[DATASET ENTRIES]
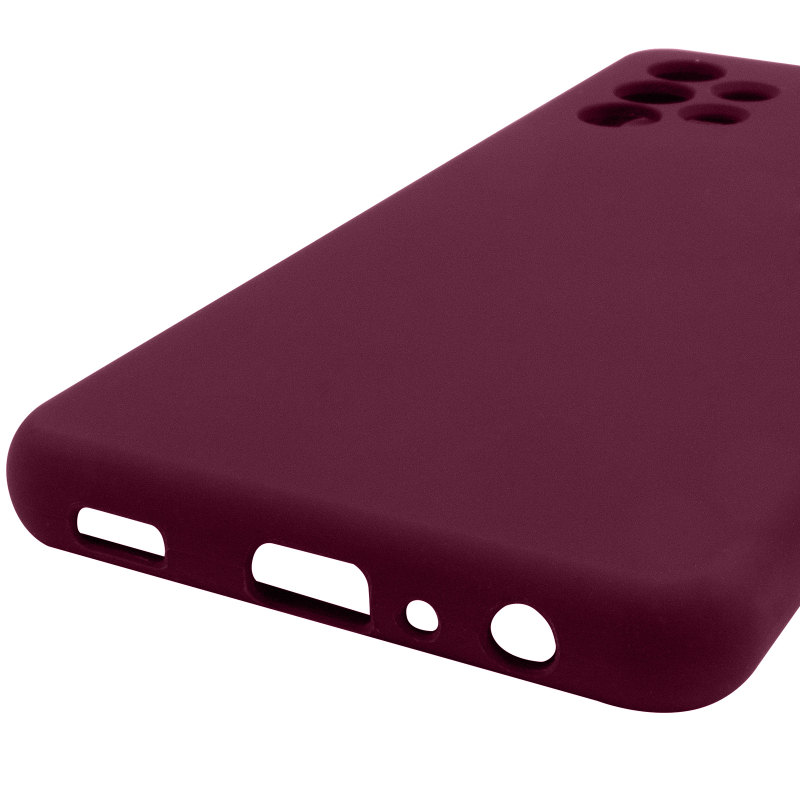 Чохол Silicone Cover Lakshmi Full Camera (AAA) для Samsung Galaxy A32 (A325F) 4G | Мікрофібра на малюнкі №5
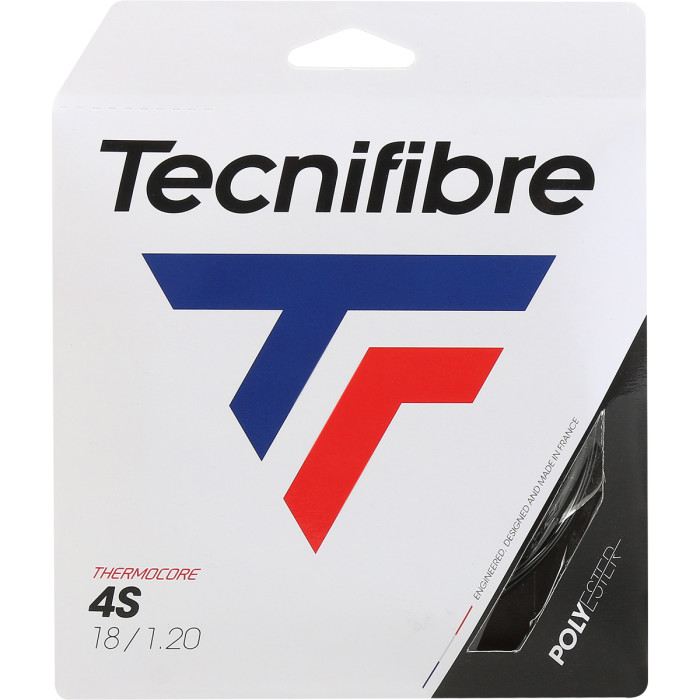String TECNIFIBRE black code 4s (12 metres) String TECNIFIBRE black code 4s (12 metres)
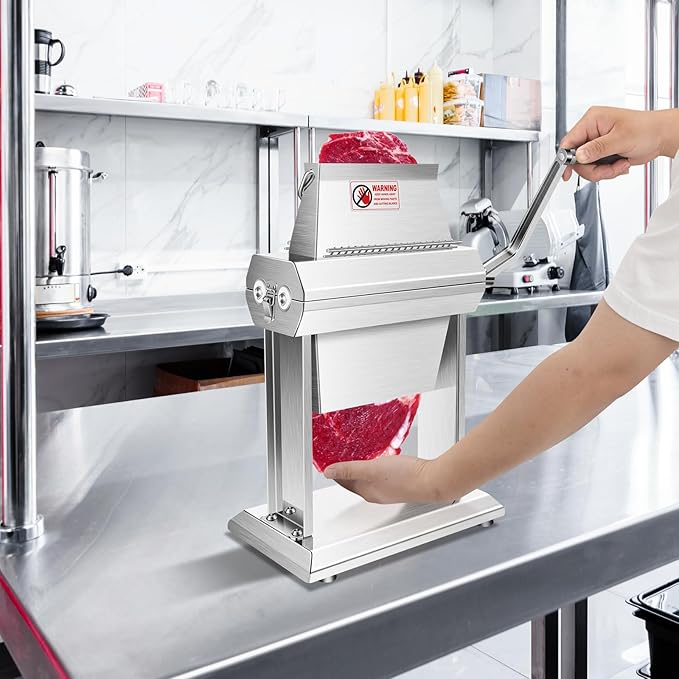 YBSVO Butcher Series 40-Blade Commercial Meat Tenderizer Machine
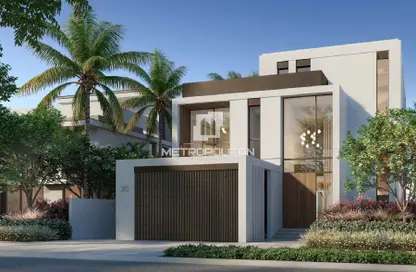 Villa - 6 Bedrooms - 7 Bathrooms for sale in Palm Jebel Ali- Frond P - Palm Jebel Ali - Dubai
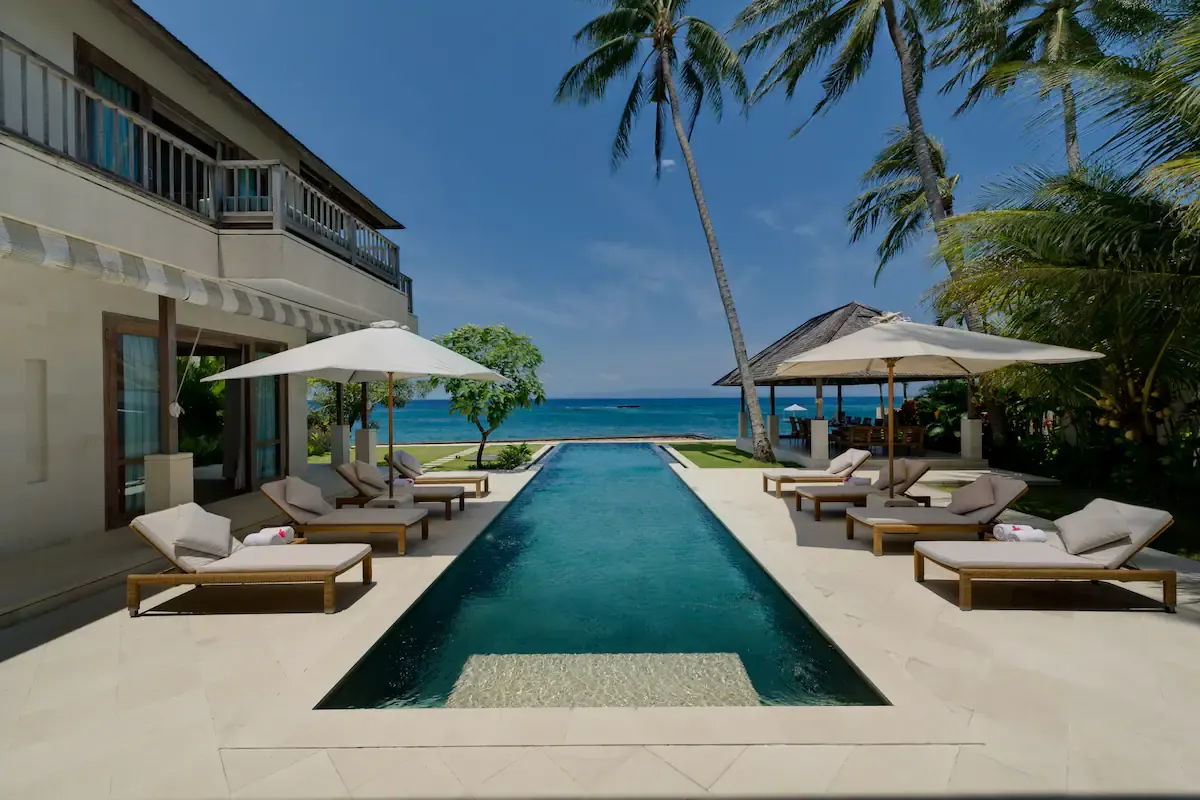 Siri Mendira - Villa Cempaka — 4-bedroom luxury villa in Candidasa, Bali | The Luxury Bali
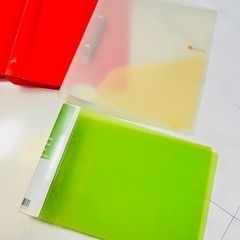 2リングファイルの画像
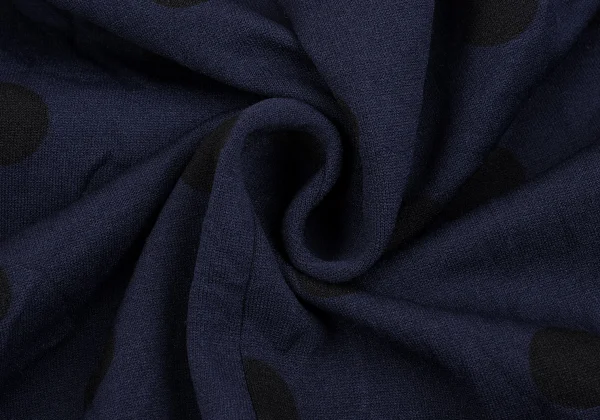 Y's Dot Wrinkled Long Jacket K-160735_017
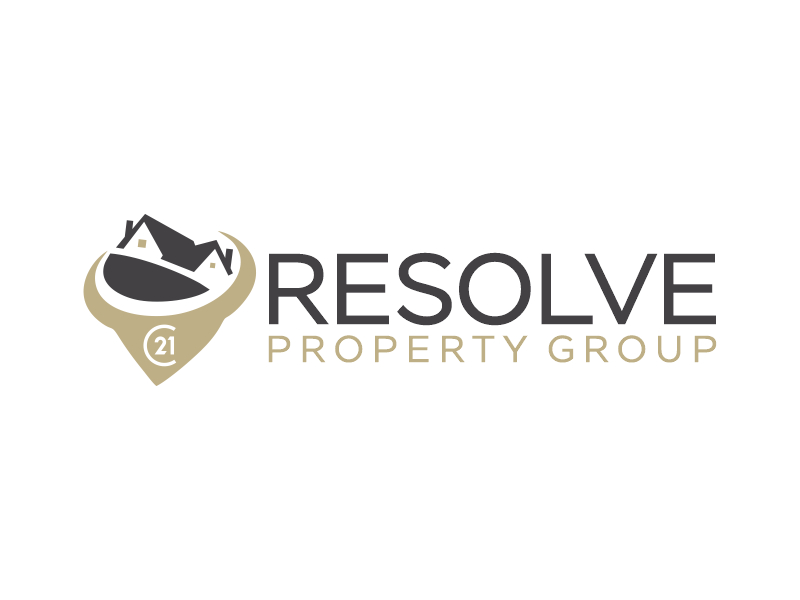 Resolve Property Group logo design by Gwerth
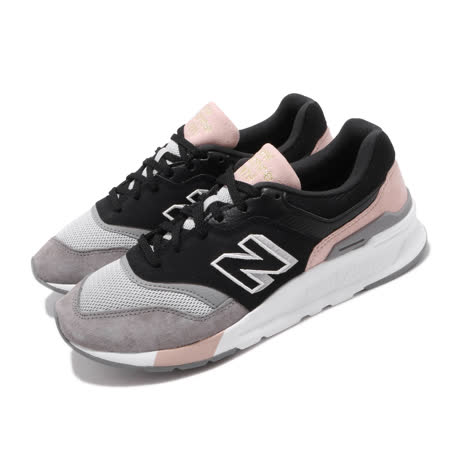 品牌: NEW BALANCE型號: CW997HALB品名: 997H特點: 紐巴倫 N字鞋 麂皮 球鞋穿搭 黑 灰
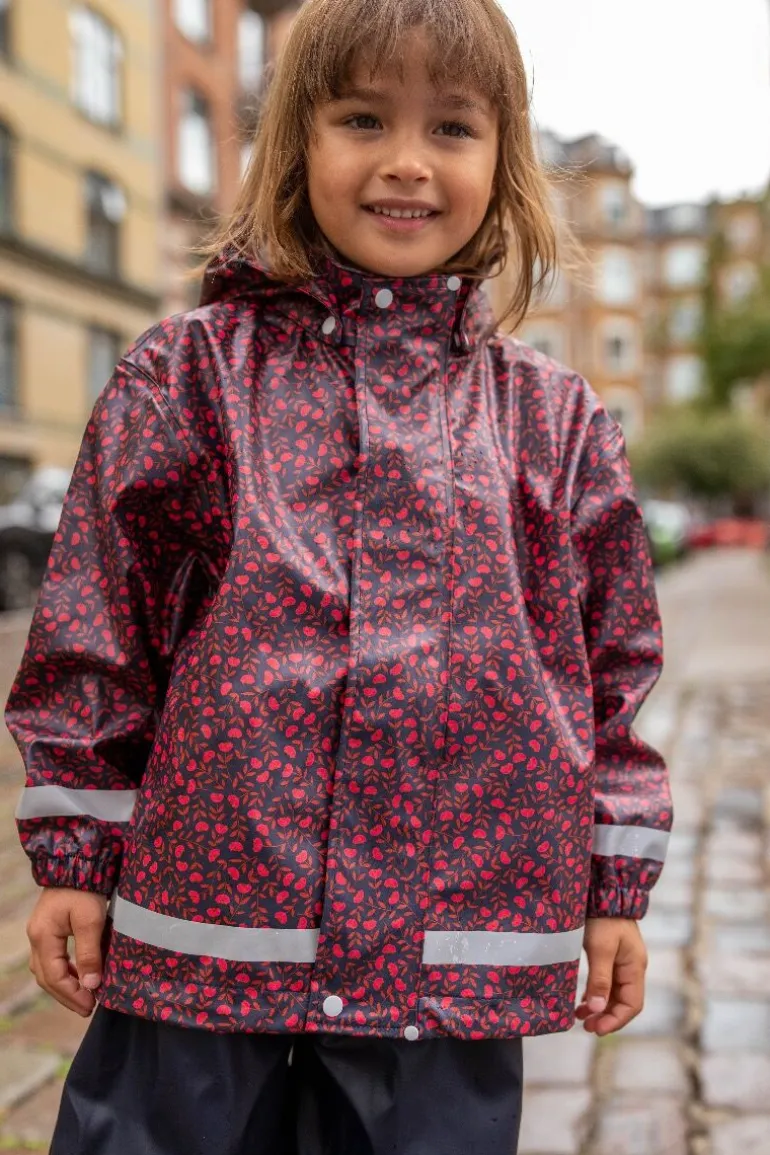 Danefæ Danekarl Rain Set Dark Navy FLEURIE | Børn Regntøj | Regntøj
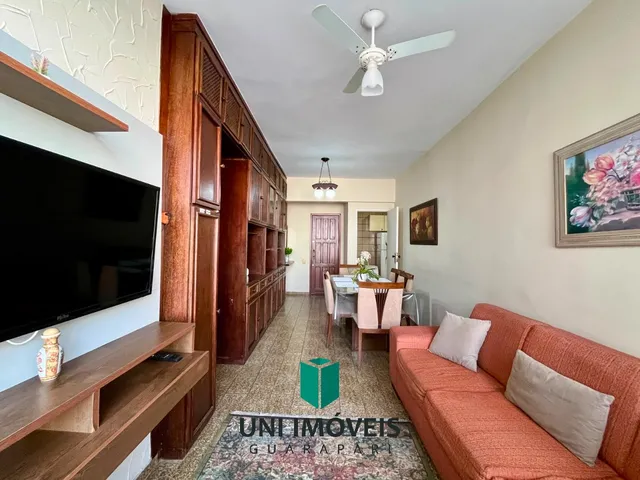 Imagem 11: Apartamento 2 quartos + DCE, garagem, elevador, mobiliado, a uma quadra da orla da Praia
[/DATASET ENTRIES]
(YOUR INSTRUCTIONS): Your task is to quote exactly the lines from the one with "Y's Dot Wrinkled Long Jacket K-160735_017" through the end of the material, both included, without reproducing any pictures.

(RESULT FOR THIS TASK):
 Y's Dot Wrinkled Long Jacket K-160735_017
 Resolve Property Group logo design by Gwerth
 品牌: NEW BALANCE型號: CW997HALB品名: 997H特點: 紐巴倫 N字鞋 麂皮 球鞋穿搭 黑 灰
 Danefæ Danekarl Rain Set Dark Navy FLEURIE | Børn Regntøj | Regntøj
 Imagem 11: Apartamento 2 quartos + DCE, garagem, elevador, mobiliado, a uma quadra da orla da Praia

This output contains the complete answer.